:: Data in this exercise

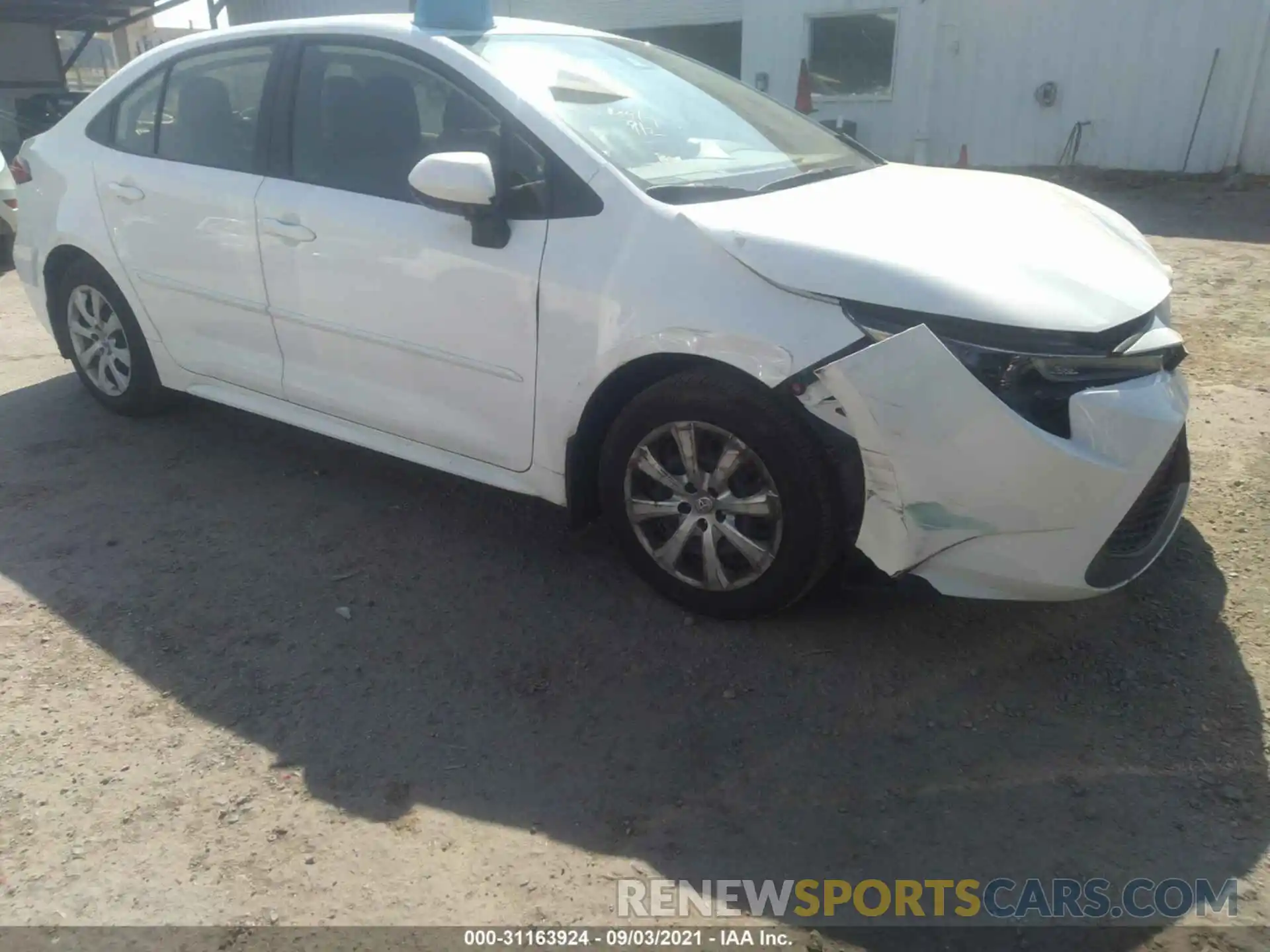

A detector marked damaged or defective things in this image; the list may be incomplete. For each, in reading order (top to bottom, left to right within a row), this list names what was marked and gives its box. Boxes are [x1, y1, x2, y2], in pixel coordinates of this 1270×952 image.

damaged front bumper [802, 325, 1189, 599]
torn white body panel [812, 325, 1189, 599]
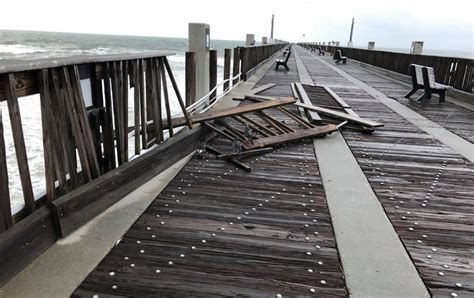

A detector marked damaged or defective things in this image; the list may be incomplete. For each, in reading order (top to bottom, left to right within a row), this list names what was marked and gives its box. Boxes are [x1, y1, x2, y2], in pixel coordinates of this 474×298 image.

broken wooden plank [183, 97, 294, 124]
broken wooden plank [294, 82, 324, 122]
broken wooden plank [294, 102, 384, 127]
broken wooden plank [243, 124, 338, 150]
broken wooden plank [206, 145, 252, 172]
storm-damaged boardwalk [72, 45, 472, 296]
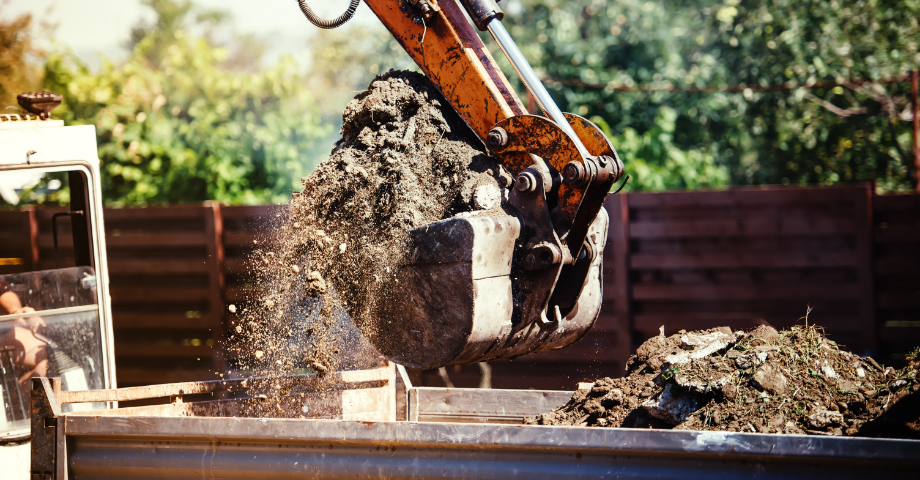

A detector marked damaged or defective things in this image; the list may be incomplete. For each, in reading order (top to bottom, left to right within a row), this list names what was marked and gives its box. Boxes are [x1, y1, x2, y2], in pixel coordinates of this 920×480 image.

rusty metal [15, 92, 61, 119]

::::

## Directions for this task
Restate word for word each line of the data from the one with "this 920×480 image." to the last, keeping both ends.

## Expected answer
A detector marked damaged or defective things in this image; the list may be incomplete. For each, in reading order (top to bottom, left to right within a row), this list names what was marked and gives its box. Boxes are [x1, y1, x2, y2], in pixel coordinates of this 920×480 image.

rusty metal [15, 92, 61, 119]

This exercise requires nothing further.